Attachés and counsellors receive their salaries directly from the ministry they represent given that they are appointed as ministry representatives in the consulates and embassies. Conversely, religious officials receive their salaries from the foreign affairs ministry, because they are state employees appointed to serve the diaspora in foreign countries, “and providing services to Turkish citizens abroad is a duty of the Ministry of Foreign Affairs, not the Diyanet” (Interview, Turkish Embassy Germany, 7 April 2011, Berlin ). During the conversation, my interlocutor emphasized in particular the word “service” (hizmet) and the idea that Islamic affairs constitute a public service. According to this perspective, the imam officiating in a mosque is providing a service to citizens in the same way as a Turkish language teacher or a consular employee issuing a passport (more examples used by the same diplomat). Considering that these public services overseas all fall under the purview of the foreign affairs ministry, it is a logical consequence for my diplomatic sources that imams sent abroad should also be included in the foreign affairs ministry’s general budget.
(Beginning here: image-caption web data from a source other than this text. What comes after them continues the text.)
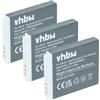 vhbw 3x batteria compatibile con Canon Digital Ixus 310HS, 85is, 95is, 25is, 210, 300HS, 105is, 200is fotocamera (750mAh, 3,6V, Li-Ion)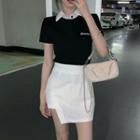 Short-sleeve Two Tone Polo Shirt / Mini Wrap Skirt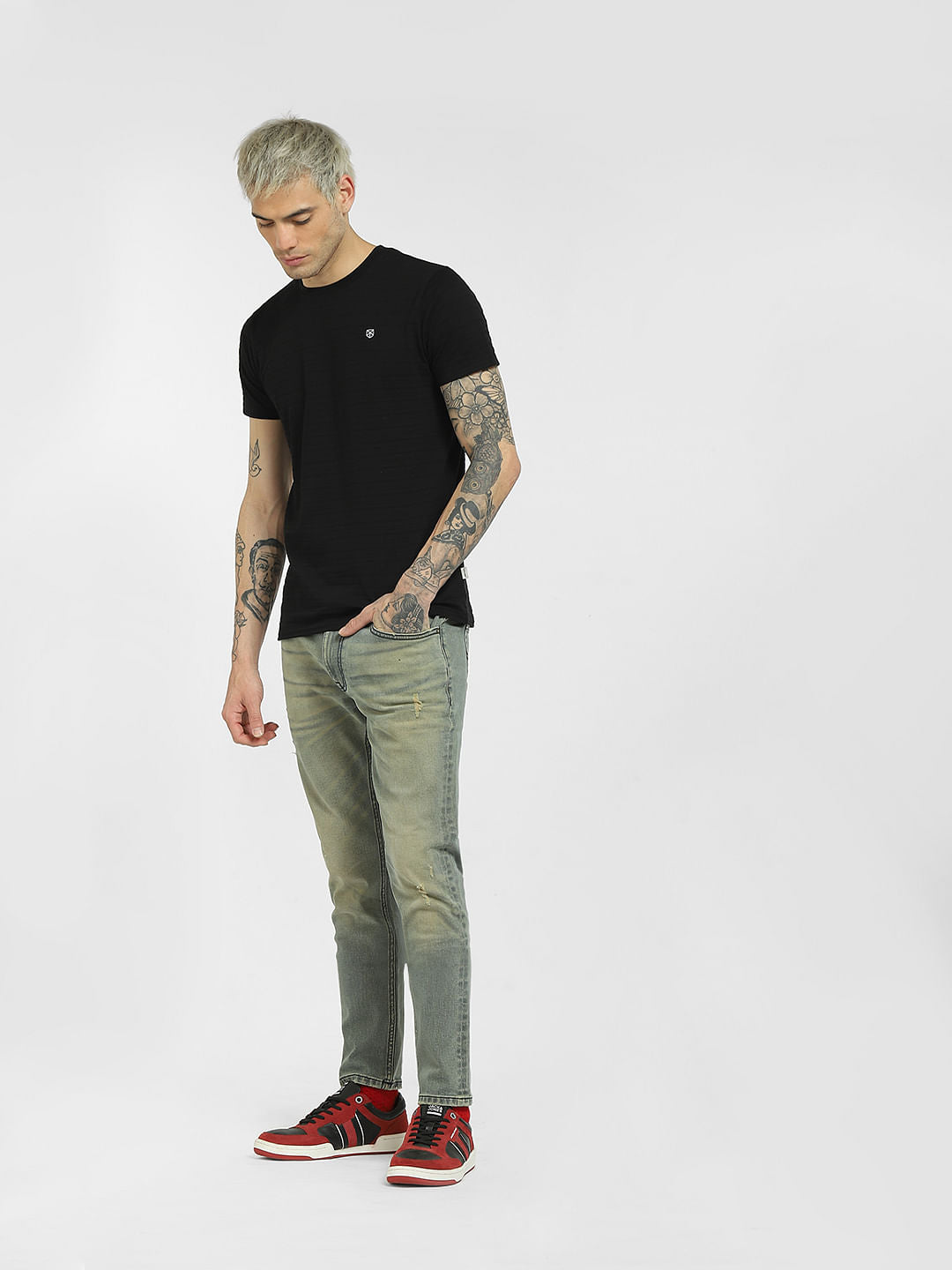 Black Knit Crew Neck T-shirt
Similarly, a diplomat at the Turkish embassy in France explained that the foreign affairs ministry pays the salaries of imams, teachers, and even police officers, who become “for a more or less set period of time, employees of the Ministry of Foreign Affairs,” though “administratively speaking, they are of course tied to their counsellor, and the counsellor is tied to us” (Interview, Turkish Embassy France, 20 October 2011, Paris ). The overarching framework of laws, directives, and practices here all show that the Turkish state’s treatment of religion as a public service cannot simply be brushed away as discursive camouflage. No matter the political interests that may be involved, this conception of religious services is the result of a complex process of administrative rationalization.
The salary paid by the foreign affairs ministry represents a separate allowance that the religious officials are granted in addition to their regular salary, which they continue to receive in Turkey during their time abroad. The prospect of receiving a double salary has long been held to explain the interest of the Diyanet’s religious personnel for serving in foreign countries, especially during the 1980s and 1990s, when the Turkish economy was frequently unstable. During these years, many Diyanet imams decided not to return to Turkey after finishing their time abroad, at which point a large number were recuperated by the Milli Görüş network.
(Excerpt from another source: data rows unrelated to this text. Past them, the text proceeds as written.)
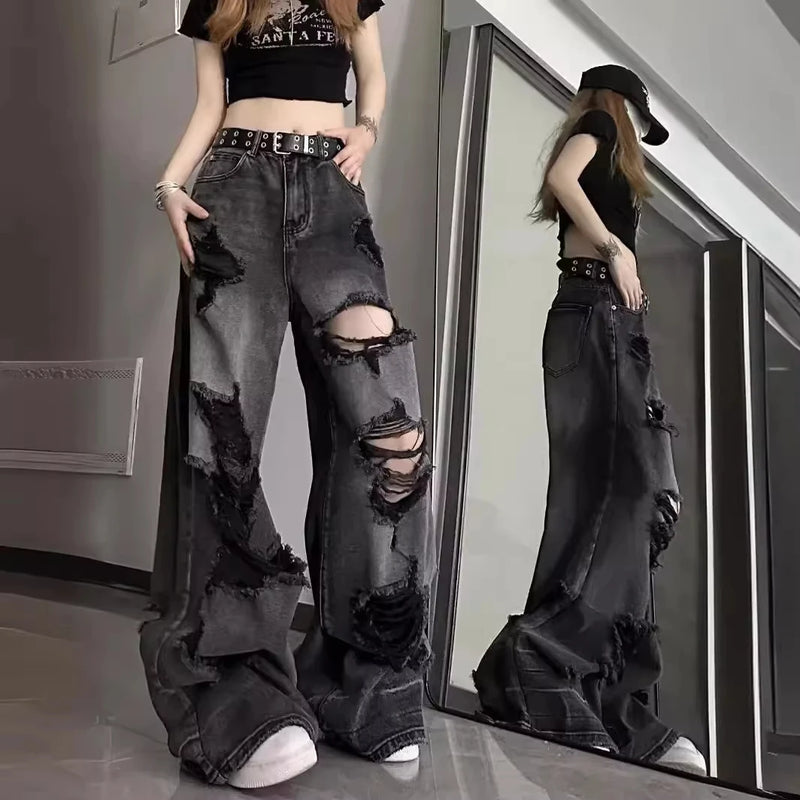 Distressed Bell-Bottom Jeans | MzStar Fashion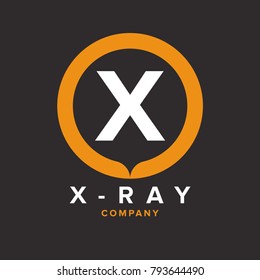 Initial X letter logo design vector template  with yellow circle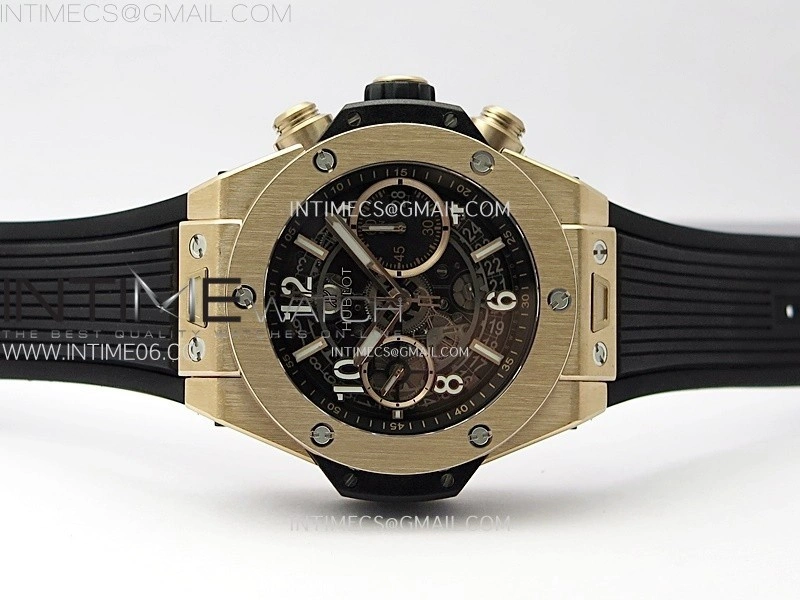 Hublot Big Bang Unico 42mm RG BBF 1:1 Best Edition Black Skeleton Dial on Black Rubber Strap A1280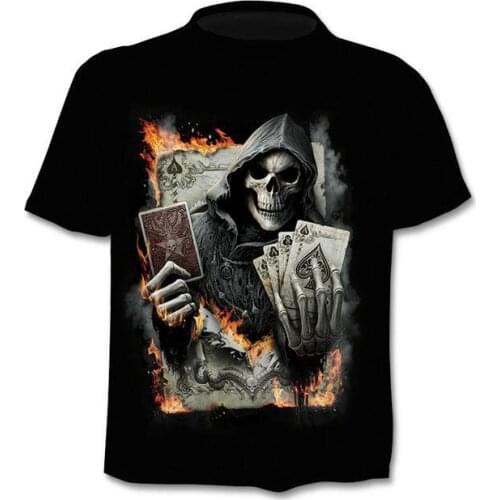 New Mens Skull T shirts Brand punk style finger skull 3Dt- shirts Men Tops Hip hop 3d print skull punisher T-shirt dropshipping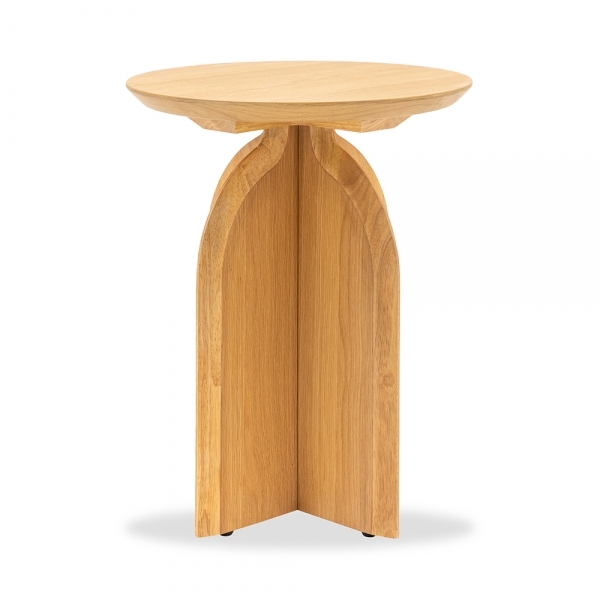 Mina Wooden Round Side Table, Oak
However, since the beginning of the 2000s, the Turkish economy has experienced unprecedented growth, which has had an impact on the motivations of Diyanet imams for serving abroad. While the financial benefits involved are by no means negligible, the imams with whom I spoke during my fieldwork emphasized other factors, such as the possibility to continue their education in foreign institutions or the desire to travel and experience new cultures. One Diyanet imam in Canada pointed out to me that the extra pay allowance in North America is lower than in Western European countries, but that he had turned down a possibility in Cologne because he and his family had wanted to be in a multicultural country where the local Turkish community was more educated. Moreover, he had preferred a country where the main language was English and had thus applied for Canada while thinking of the potential opportunities for his two children—one of whom had been accepted to a prominent Canadian university (Interview, Diyanet Imam Z, 18 April 2014, Toronto). Consequently, the motivations of Diyanet imams for going abroad reflect a broad spectrum of financial, professional, and personal reasons.
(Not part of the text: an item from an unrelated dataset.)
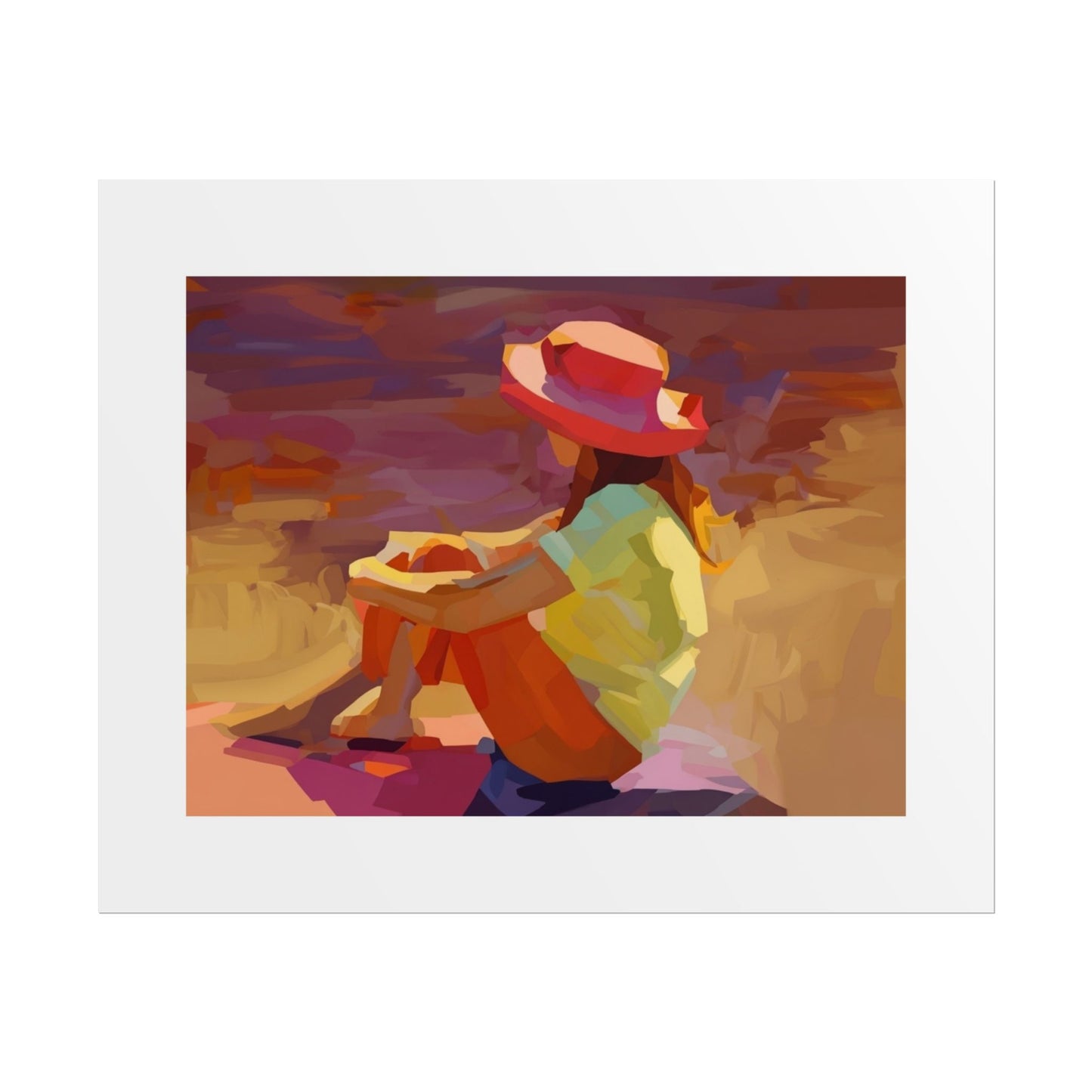 Sunset Daydream Rolled Poster — Colorful Girl in Hat Beach Art Print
Salaries for Turkish imams are standardized along the same lines as other state employees sent abroad. Turkish religious officials sent to France or Germany (or any other Eurozone country) receive 1875 euros per month, paid by the foreign affairs ministry, on top of all initial and final travel costs. There are slight variations for other countries: for instance, 2000 US dollars for the USA, and 1500 pounds for the UK. The most frequent comparison, as in the case of Morocco , is with teachers. Teachers have been sent abroad by the education ministries of Turkey, Morocco, and numerous other countries for just as long as imams have. Their task has been to teach language and culture courses to the children of immigrant families in Western European countries, and the procedure concerning their entry and stay is in many respects the same as that for religious personnel. Indeed, culture and religion become intimately entwined at this juncture. For the FHII, sending teachers and sending religious personnel abroad are both filed under “cultural promotion” (Fondation Hassan II, n.d.), while the social affairs attachés at the Moroccan consulates are responsible for overseeing both religious personnel and teachers.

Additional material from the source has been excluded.